During the celebration afterwards, Flynn murders the surviving Demon Hunters. He reveals himself to be Shesha, reincarnated in Flynn's form, and explains that Krishna faked his own defeat to manipulate the Hunters into eliminating the angels and demons; the real Flynn remains in Krishna's clutches. Shesha murders Asahi and transforms into the Cosmic Egg, a giant object that will hatch into Krishna's new universe when the full moon rises. The party storms the Cosmic Egg to defeat Krishna and his Divine Powers once and for all. Inside the Egg, Dagda reveals his plan to hijack it and create his own universe where all humans are completely independent from one another, and demands Nanashi's aid in his plan.
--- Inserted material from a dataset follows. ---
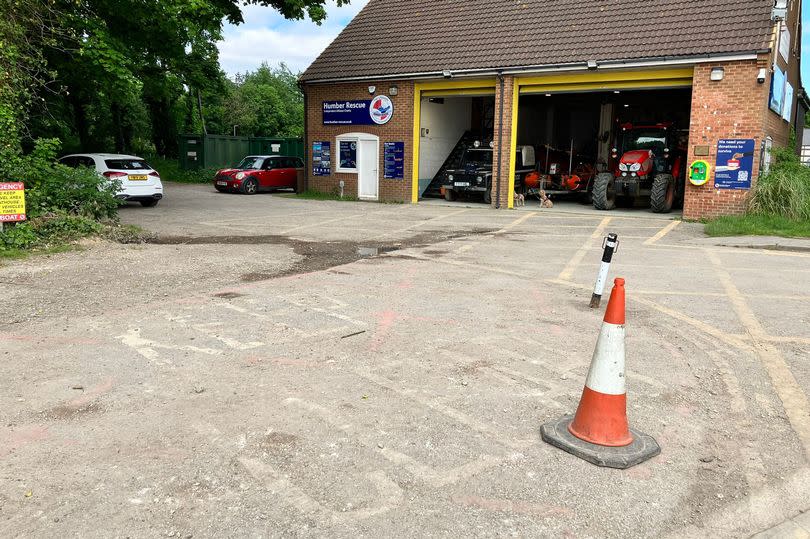 Keep clear floor markings and yellow lines outside the Humber Rescue boathouse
Dagda's mother, Danu, opposes him and wants Nanashi to destroy the Egg.
- Bonds Route: If Nanashi rebels against Dagda, Danu revives Dagda in line with their ideals, and Nanashi kills Dagda's dark side. The true Dagda then resurrects all of Shesha's victims, including Asahi. The group then kills Krishna, rescues Flynn, and destroys the heart of the egg. As the group begins to celebrate, Stephen appears and reveals that one more enemy is standing between humanity and true freedom: YHVH, the creator god. Stephen opens a portal to YHVH's universe, and Nanashi and Flynn invade his realm. They undergo a trial from YHVH's second-in-command, Satan, and are deemed worthy to confront YHVH. Satan temporarily resurrects Flynn's old friends Walter and Jonathan to aid them, and the group battles and destroys YHVH once and for all. Afterwards, humanity is finally freed from the gods and demons, forming a new peace forged by Tokyo and Mikado.
- Massacre Route: If Nanashi sides with Dagda, his friends turn against him, and he is forced to kill them all. Nanashi defeats and executes Krishna, and Flynn is killed in the battle. The Cosmic Egg hatches into Dagda's new universe, and he appoints Nanashi as its new Creator. Afterwards, Stephen appears and explains that the new universe cannot fully come to fruition until YHVH is killed and the old universe destroyed. Dagda resurrects Flynn and a companion of Nanashi's choice to be brainwashed into serving as his Godslayer and Goddess, respectively. After defeating the remaining Hunters, Nanashi invades YHVH's universe and kills him. The old universe dies and is reborn as a new universe where humans are free from all outside influence. Dagda fades away, leaving Nanashi to rule his new creation.

==Development==
Shin Megami Tensei IV: Apocalypse was created as the developers wanted to see what they could do with the characters from IV. They decided to make a new title as opposed to an upgraded re-release. Production began after development ended for Shin Megami Tensei IV in 2013. As part of their development, the team looked at player feedback with their goal being to make "the number one RPG on the 3DS". Multiple staff from the original game returned, including producer Kazuyuki Yamai, character designer Masayuki Doi, and soundtrack composer Ryota Kozuka. Satoshi Oyama, who had worked on Shin Megami Tensei IV as main programmer, was assigned as director. The game's world and basic scenario were created by Kazuma Kaneko, while the script was written by Yusuke Miyata.

The story's main themes are making or breaking bonds with others, and the advent of "inevitable reality", with a key word in the story being "deicide", the concept may be used for any act of killing a god. An element of the story was the idea of deities from polytheistic deity factions fighting back against being subsumed by the monotheistic Abrahamic deities. Demon designs from the previous game were refined, including the characters Medusa, Merkabah and Lucifer. Doi designed the deity figures based on the traditions surrounding them in their native mythologies. The coloration of polytheistic deities was likewise influenced by beliefs surrounding colors from their native lands. The human forms of Merkabah and Lucifer were based around the idea of the monotheistic factions drawing power from human faith. The game's main protagonist was originally designed to be much older, with his adult design carrying over into one of the game's non-playable characters. Instead, the protagonist was made into a teenager so as to better relate the game's themes of immaturity. Tying into the game's themes is the fact that the main protagonist comes from a far lower-class, less elite force than the protagonist of Shin Megami Tensei IV. The music was handled by composer Ryota Kozuka, who had previously worked as composer for Shin Megami Tensei IV. He worked on Apocalypse alongside his work arranging tracks for Persona 4: Dancing All Night.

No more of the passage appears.